Or add an option to choose the sort behavior which would allow to force the old behavior if it make sense to do so ?

What's great about @taldcroft's patch is that it decreases complexity. If we were to support multiple behaviours then complexity would go back up again, and I'm honestly not sure it's worth it.

taldcroft · 2023-12-20T10:21:36Z

This is exactly the sort of situation I was thinking about in discussions for APE-21 which resulted in the statement about being pragmatic. Historically, API changes like this have been common in minor releases. Although we justified them by pointing to the LTS, in practice the project recognized that very few people were actually using the LTS.

Breakage could only occur for a pretty unusual situation:

Initializing a table from a list of dict where the first row does not contain all of the columns.
Downstream code that depends on the column ordering.

The pragmatic part is accepting that this situation can occur but it is unlikely. Not only does (1) need to be true, but it needs to always be true for all input data sets. Basically the current code is somewhat randomly changing the column ordering based on an arbitrary test.

It is true that we could test for situation (1), issue a warning and sort the columns alphabetically. But then users in that situation need to modify their code anyway to suppress the warning. And if they want to permanently keep alphabetical ordering they have to add code to do that sorting so it still works after 7.0, and then they are left with orphaned code to suppress the warning. Users that want the more natural ordering now would be out of luck unless we add some new configuration option.

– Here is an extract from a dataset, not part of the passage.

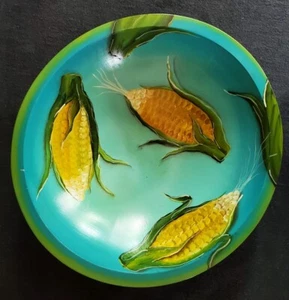 Vintage Turquoise Corn Maize Handpainted Wooden 12" Bowl Artist Signed - Picture 1 of 21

This is just a LOT of complexity for a very little gain.

hamogu · 2023-12-20T11:52:23Z

Like #15774 this sounds like space-bar heating: https://xkcd.com/1172/. I don't think we have to backport, but I suggest a 6.1 milestone. We also don't have to do the extra work of breaking this up into two PRs.

taldcroft · 2023-12-20T12:21:19Z

In my day job (Chandra Flight Director dealing directly with NASA) I deal with process control authority, A LOT. In this case, there is a delegation of authority:

CoCo has ultimate authority for the release contents.
CoCo does not have time to deal with each PR, so they delegate to the release managers.
Release managers do not have time or (in many cases) the domain knowledge to assess each PR, so they delegate to the package maintainers.
Package maintainers normally have authority to make a decision about the impact of an API change and the target milestone.

Only in unusual circumstances would the release managers or the CoCo override the recommendation of the package maintainer(s). Of course a healthy discussion is always encouraged!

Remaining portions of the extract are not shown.